The typical use of dithering in the audio production process is in the final stage of audio mastering. Dithering should only be applied once, otherwise it would certainly be non benefitial to the audio quality.
In general, dithering should only be used when bouncing and exporting audio to lower sample rates and bit depths, which is referred to as downsampling (e.g. from 24 bit to 16 bit)
In case you are able to to work with higher resolution audio like 32 bit floating point while exporting your track (and there maybe is no need to downsample your project as well), dithering is not needed.

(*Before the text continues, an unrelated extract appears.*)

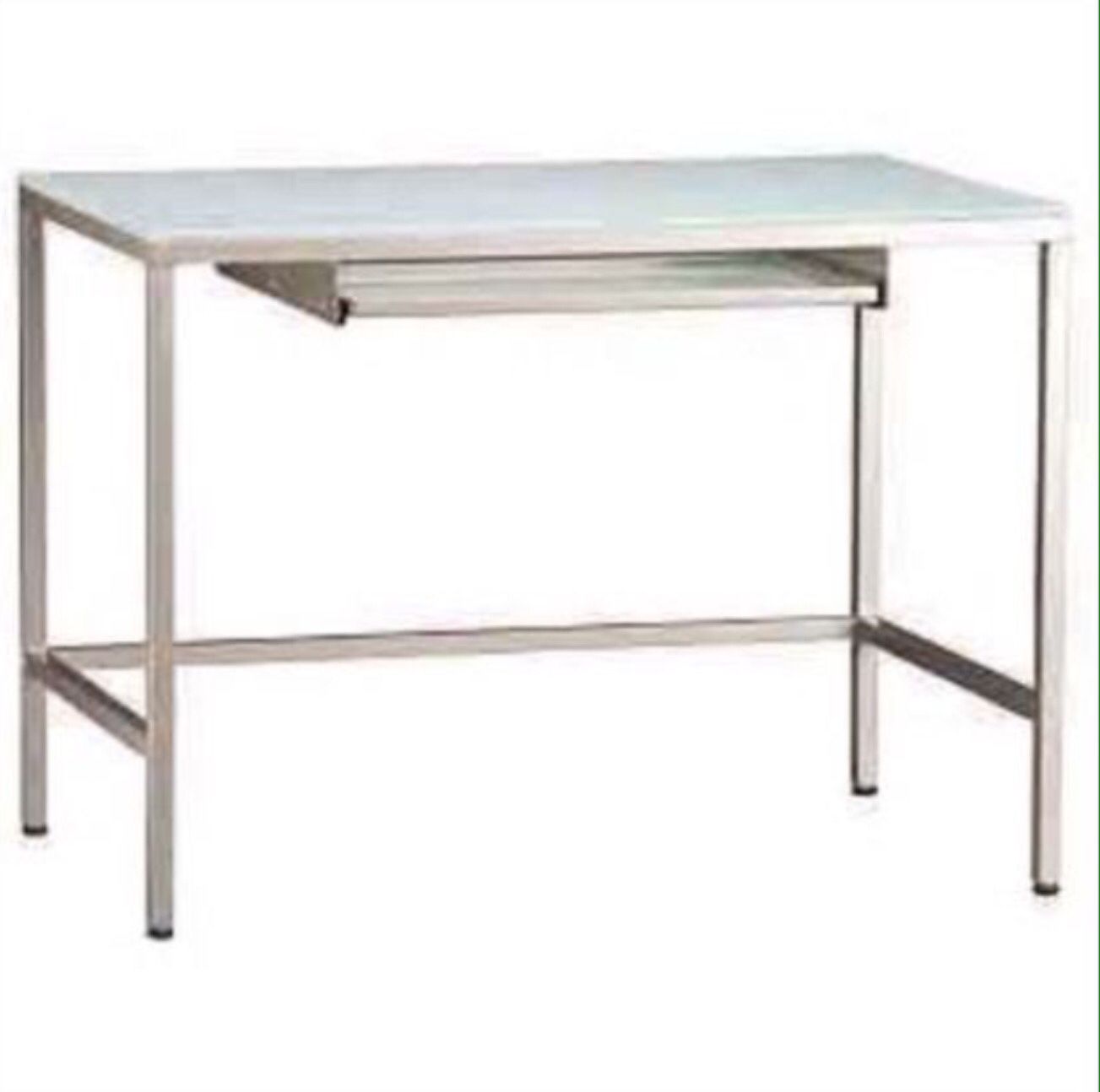 CB2 Trig Frosted Glass Computer Desk, Console Desk and 3 shelf Unit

The decision to use dithering should be based on the specific requirements of your project. In some cases, the added noise from dithering may be unacceptable and not worth the potential benefits!

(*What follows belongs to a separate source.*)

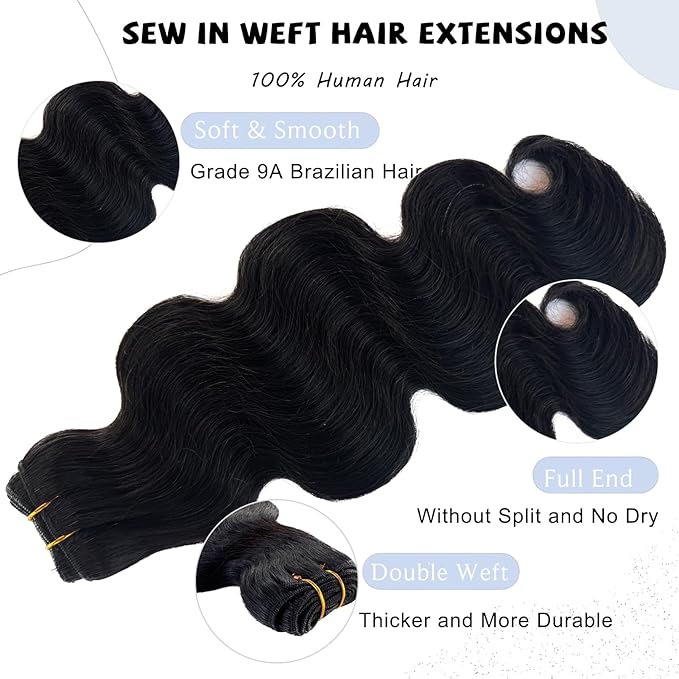 Sew in Bundles Hunan Hair Weft Extensions 24 Inch Body Wave Natural Black Hair Extensions Real Remy Hair Wefts Sew in 100G Hand Tied Weft Hair Extension Human Hair Bundles Weave Extensions for Women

5. How To Use Dithering In Audio Processing
Today, dithering is typically performed by specified software, such as DAWs (digital audio workstations) or plugins. There is a variety of solutions to choose from, but the process of dithering essentially stays the same.

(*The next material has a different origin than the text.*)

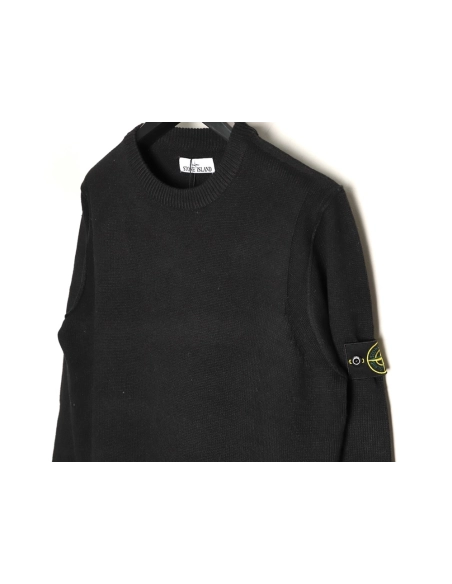 Stone Island Classic Sleeve Badge Crewneck Knit Sweater,Stone Island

Dithering In Audio Processing Typically Involves The Following Steps:
- Determine The Need For Dithering:
Consider the bit depth you will be working with, the dynamic range and spectral content of the audio material, and the number of digital conversions that will be performed. If dithering is necessary, proceed to the next step. - Choose A Dithering Algorithm:
There are several dithering algorithms available, each with its own strengths and weaknesses. Some common dithering algorithms include triangular dithering, rectangular dithering, and shaped dithering. You will need to choose the dithering algorithm that is best suited for your specific requirements. - Set The Dither Amplitude:
The amplitude of the dither noise is an important consideration, as it affects the trade-off between reducing quantization errors and adding noise to the signal. You will need to set the dither amplitude to a level that is low enough to minimize the impact of the added noise, but high enough to reduce the quantization errors to an acceptable level. - Add Dithering To The Signal:
Once you have chosen the dithering algorithm and set the dither amplitude, you can add the dither noise to the analog signal prior to quantization. - Perform Quantization:
After adding the dither noise, the signal can then be quantized to the desired bit depth. - Evaluate The Results:
Listen to the quantized signal and evaluate the results. If the quantization noise is audible and unacceptable, you may need to adjust the dithering algorithm or dither amplitude and repeat the process. - Repeat Dithering As Necessary:
Repeat the process as necessary to achieve the desired audio quality.
The specific tools and software you will need to use dithering will depend on your specific audio processing requirements and the software you are using. Some digital audio workstations (DAWs) and audio processing software include built-in dithering functionality, while others may require the use of third-party plugins or add-ons.
6. Dithering Done Right
In summary, to use dithering in audio processing, you will need to choose a dithering algorithm, set the dither amplitude, add the dither noise to the signal, perform quantization and evaluate the results.
What may seem overwhelming at first, should become a fairly quick and common task when bouncing down your audio. The best workflow when dithering audio depends on the specific requirements of your project and the tools and software you are using.
It is important to note that the presented workflow is just a general guideline and may vary depending on your specific needs. Nonetheless, dithering should not be seen as a diffcult hurdle. Just make it a habit to apply dithering before lowering the resolution of your audio tracks.
Try to work with the highest resolution audio “as long as possible” until you face the need to downsample your material. Depending on the desired bit depth, apply reasonable dithering (adjusted algorithm and amplitude) once before bouncing down your track and you are good to go.